Monthly Archives: March 2024

SetUnhandledExceptionFilter not working in 64-bit CVI code

At work I develop an application that is employed in production plants all around the world. It can host a lot of different code modules from different developers, so the code it executes is pretty diverse. To be able to quickly react to any problems I implemented a crash-handler that makes a memory image of the whole process and sends me an eMail. This has been working fine for many years (13 to be exact according to git) but when compiled for 64-bit it stupidly refused to work.

This puzzled me for a long time, the handler set through the SetUnhandledExceptionFilter API was simply never called. I eventually found a workaround by using the AddVectoredContinueHandler function, but not knowing what was going on always bugs me to no end. And also it’s just halve the story as we’ll see.

Eventually I found the problem and it turned out to be a subtle bug in the CVI C compiler when compiling for a 64-bit target. I think the clue was the behavior of a low level debugger when stepping through such a defective program. Here, at the start of main(), the stack trace looks fine:

But once I step over the LEA instruction, things get messy:

Why is that? The 64-bit Windows ABI (application binary interface) requires the start (prolog) and end (epilog) of functions to be written in a certain way and also that every function that is not a leaf function (a function that doesn’t call other functions) must have accompanying static data that tells Windows how to clean up the function. The debugger also uses this information to walk the stack, so something must be fishy there.
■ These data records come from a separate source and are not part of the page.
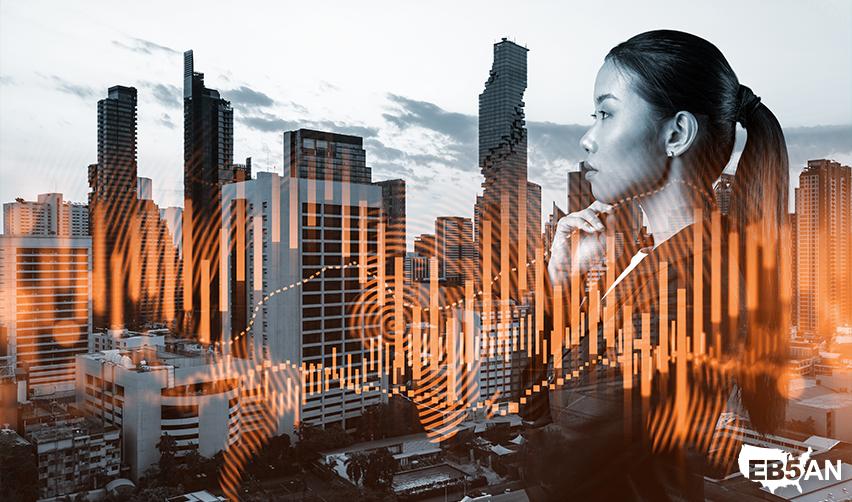 Businesswoman thinking in front of a modern city skyline and the EB5AN logo with financial data overlays, reflecting economic opportunity and the motivation behind EB5 investments for international entrepreneurs.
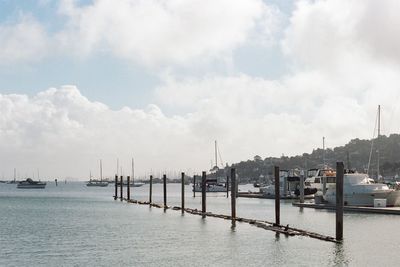 Boats in sea against cloudy sky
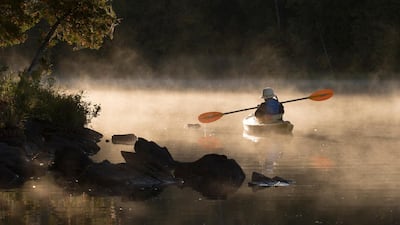 A kayaker paddles through morning mist on Pigeon Lake in Kawartha Lakes in central Ontario. The Canadian Press via AP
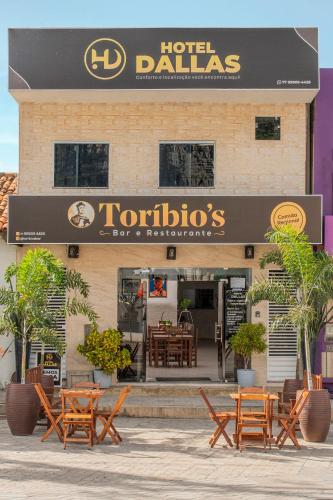 a hotel with tables and chairs in front of a building at Hotel Dallas Toríbio in Bom Jesus da Lapa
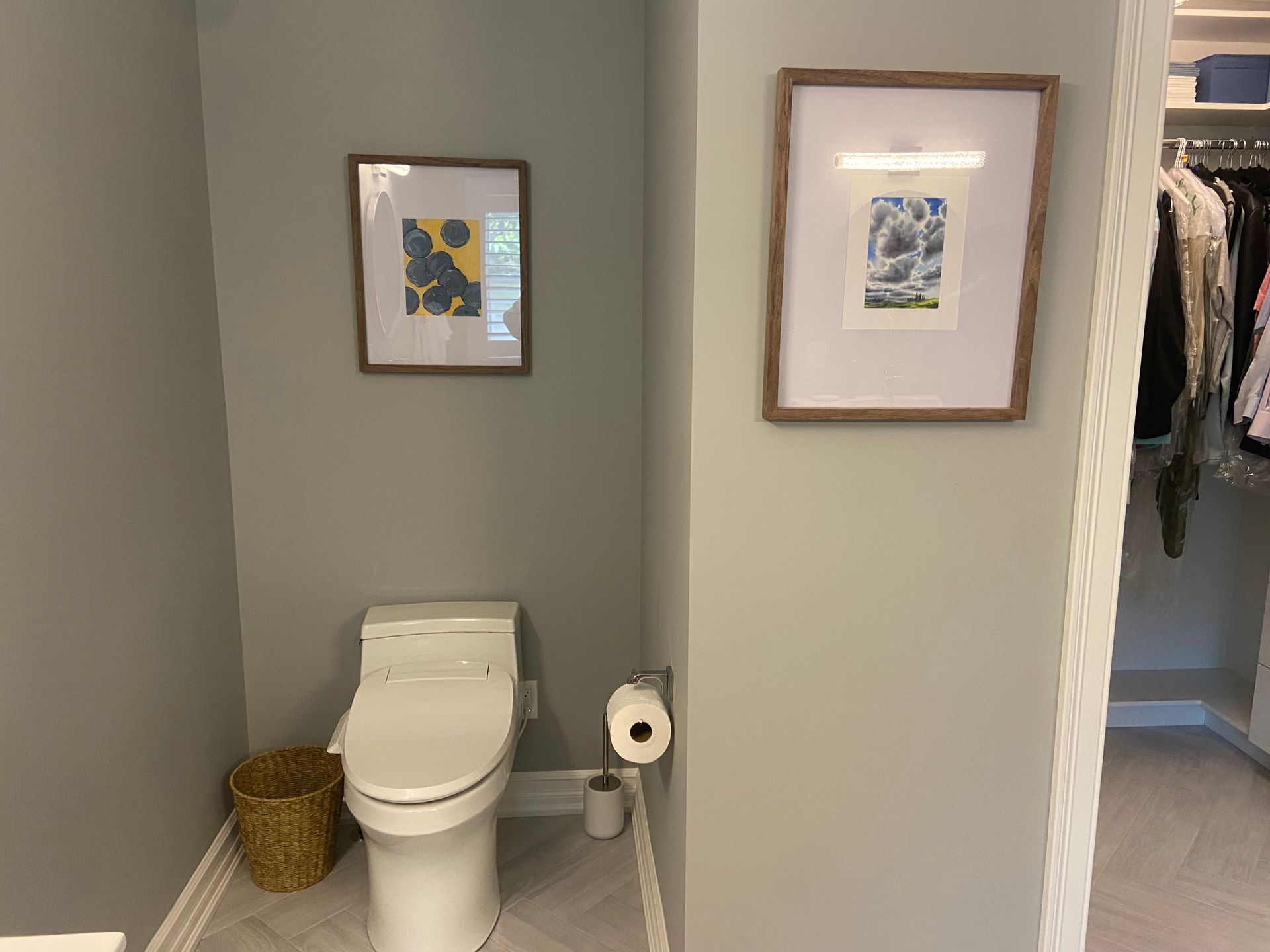 Small bathroom with a toilet, toilet paper holder, wicker basket, and two framed pictures on gray walls.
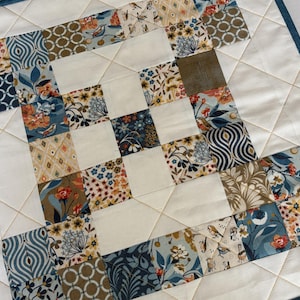 May include: A square quilted fabric piece featuring a patchwork design of various floral and geometric patterns in shades of blue, cream, tan, and orange. The quilt is constructed with alternating solid cream squares and patterned squares, finished with a dark blue border and diamond-shaped machine quilting stitches.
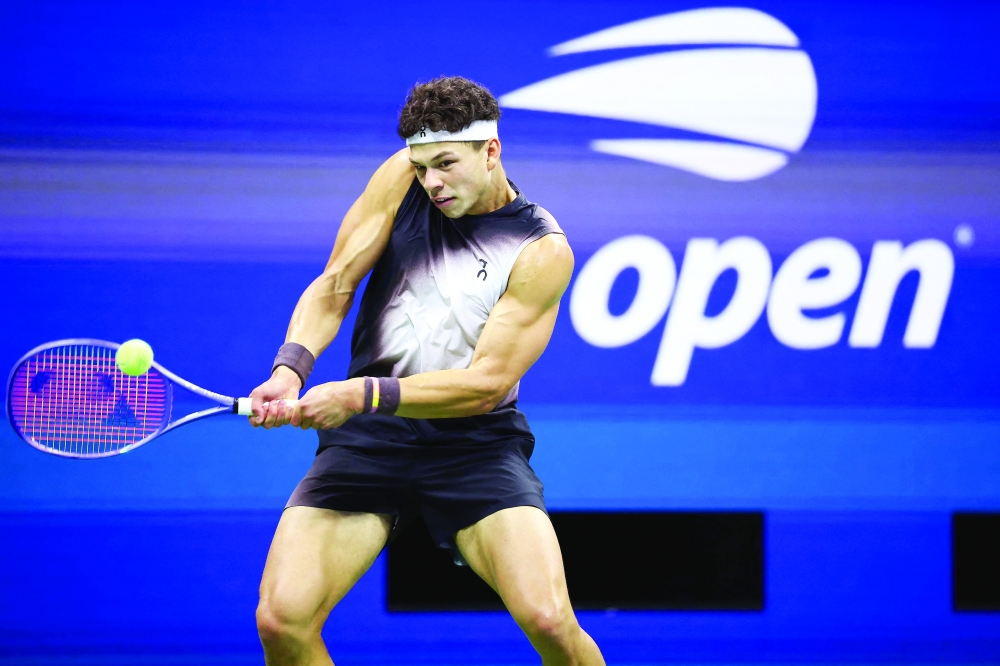 USA's Ben Shelton returns the ball to USA's Frances Tiafoe during the men's singles semi-final tennis match on day thirteen of the US Open tennis tournament at the USTA Billie Jean King National Tennis Center in New York City on September 11, 2026. (Photo by CHARLY TRIBALLEAU / AFP)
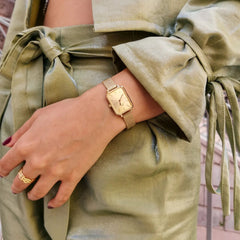 Woman wearing Quadro Pressed Unitone Gold watch with rectangular gold dial and mesh strap, styled with a sage green outfit.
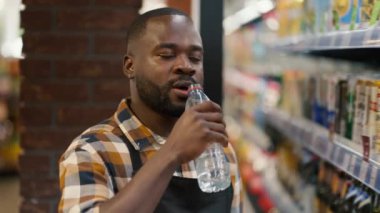 Ekose gömlekli siyah tenli bir adam süpermarketteki şeffaf plastik bir şişeden su içer..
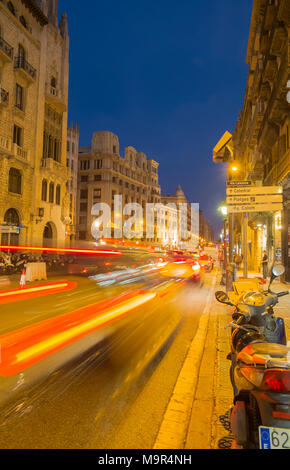 Vehicles speed down Via Laietana at night, in Barcelona, Spain Stock Photo
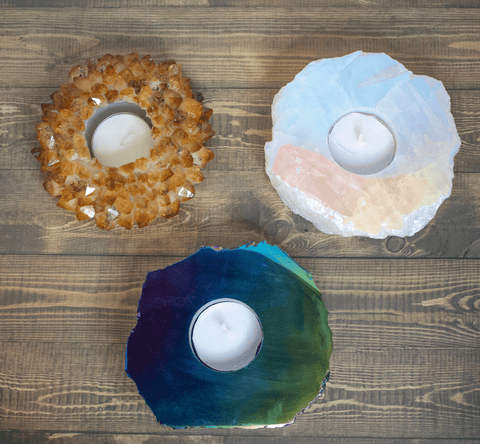 Citrine, opal aura quartz, and rainbow aura quartz candlestones and candle holders
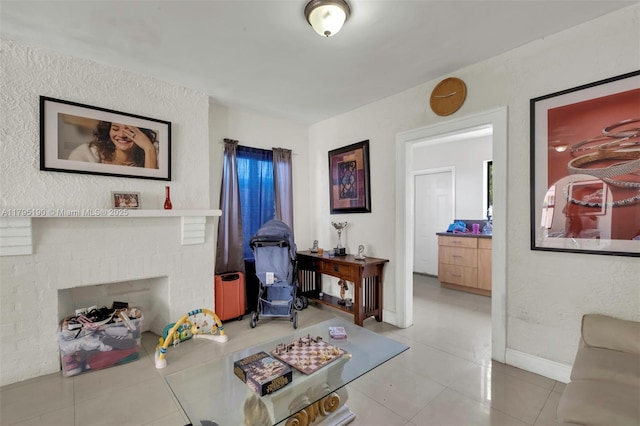 tiled living area with baseboards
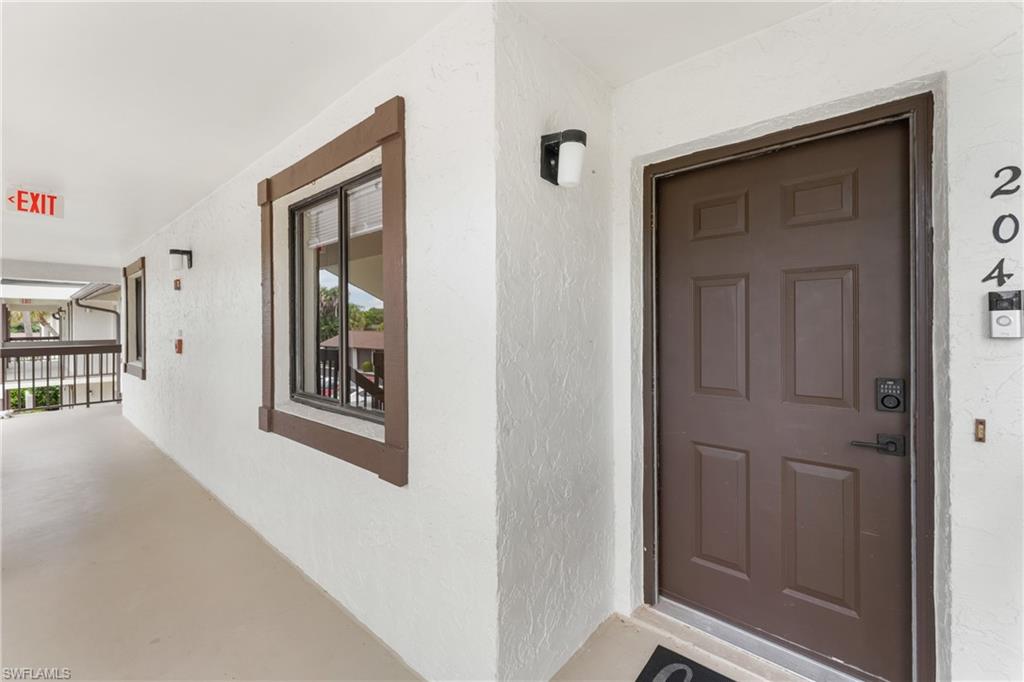 Entry door featuring multi-panel design and smart lock system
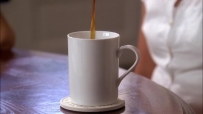 S01E01 The same stream of coffee being poured into a mug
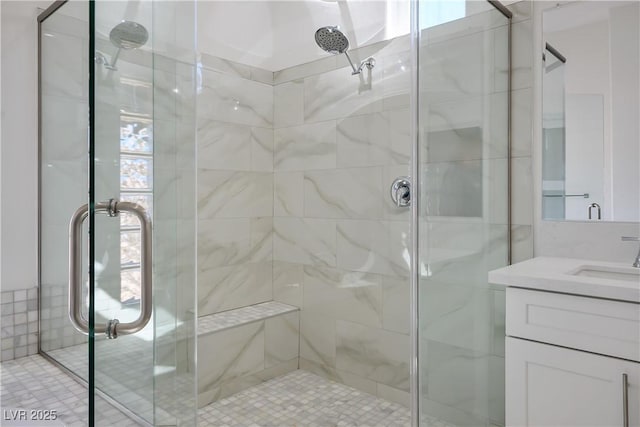 full bath featuring a stall shower and vanity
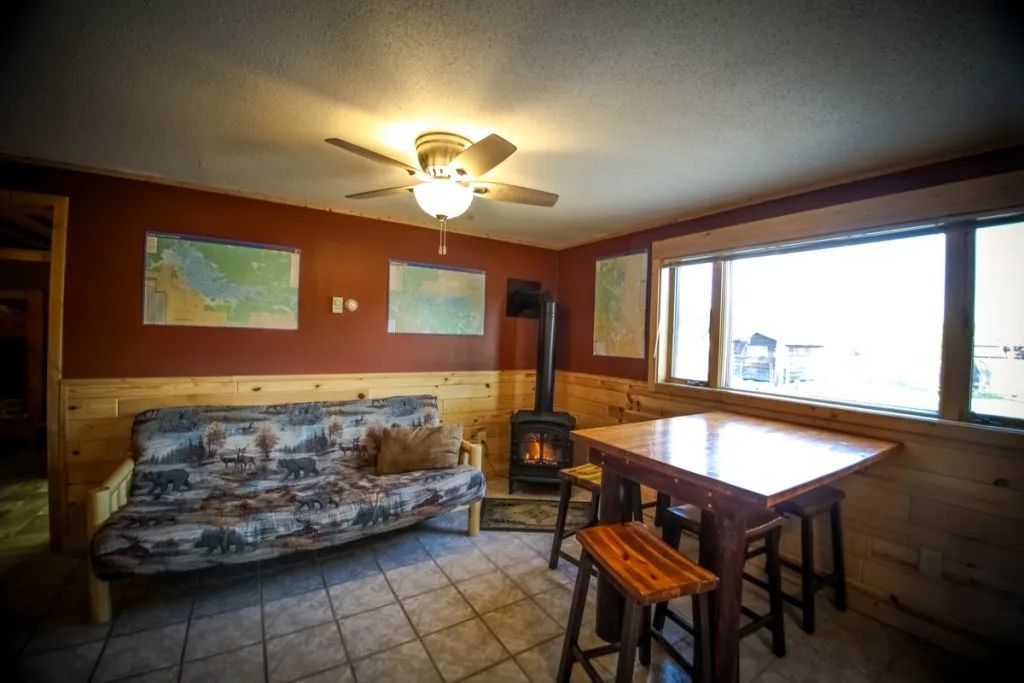 A living room with a couch , table and stools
This so called “unwind” data can be dumped using the “dumpbin” tool from the Visual Studio Tools:

> dumpbin /unwindinfo seh_bug.exe 
Microsoft (R) COFF/PE Dumper Version 14.29.30152.0 
Copyright (C) Microsoft Corporation.  All rights reserved. 
Dump of file seh_bug.exe 
Function Table (77) 
           Begin    End      Info      Function Name 
0000000C 00001040 0000108E 00004010  main 
    Unwind version: 1 
    Unwind flags: EHANDLER UHANDLER 
    Size of prologue: 0x0A 
    Count of codes: 3 
    Frame register: rbp 
    Frame offset: 0x20 
    Unwind codes: 
      0A: SET_FPREG, register=rbp, offset=0x20 
      05: ALLOC_SMALL, size=0x48 
      01: PUSH_NONVOL, register=rbp 
    Handler: 00002634 __cvi_exception_handler

Spotted the problem? Look again, I’ll wait…

The instruction “lea rbp,[rsp+28h]” uses an offset of 28h, the unwind information for this piece of code however only specifies 20h!? A compiler bug that we can simply patch after the fact, right? Unfortunately not, the problem is that the offset in the unwind information is stored as a multiple of 10h, so a value of “28h” cannot be represented at all!

Now, I have opened a bug report with NI, the vendor of the compiler, but seeing how they have been treating it the last few years I’m not even sure they still have the people to fix this. In any case, I need a fix now, so what to do? CVI has had support for external compilers for a long time, maybe just switch to an external one for release builds?

This has a certain charm and CVI already comes with clang v3 (yeah, really) for this purpose. But the problem is that some of the libraries CVI comes with and that I use are already pre-compiled with the buggy compiler and there is no source code for them. So this fixes only halve the problem.

Next idea is to patch the binary in a post-build process. Question remains, how? Patching the code itself to have an even offset is quite dangerous as it’s difficult to guarantee that the patched code is right in every situation (like functions with multiple epilogs or whatnot). So we should patch the unwind info somehow and leave the code alone, but as already established, it cannot represent the value “28h” and we also cannot add any additional instructions to it as enlarging data structures comes with its own perils.

Simply removing the SET_FPREG instruction from the unwind information is an option and it works, but only as long as there are no dynamic stack allocations, like with alloca() or C99’s dynamic array sizes. Often this is not the case, but maybe we can do better.

The solution I have chosen in the end is to adjust the static allocation (ALLOC_SMALL in the example) by 8 bytes. This cancels out the error introduced by the SET_FPREG instruction and works fine in all cases except between the “sub rsp, 30h” and “lea rbp, [rsp+28h]”, but that is a negligible problem. The important thing is that the rest of the time stack walking in the debugger and when exceptions are handled, works again. By the way, I expected that about halve the functions are affected, but in my application it’s more like 70%:

Fixing unwind information...
Fixed 6199 out of 8849 functions

TL/DNR: The SetUnhandledExceptionFilter API can only do its work if all the exception information in the executable is correct, as it is invoked in the BaseThread function in kernel32. If the stack walking does not reach that function, nothing will happen, the process will just be killed. Check the exception unwind information for problems.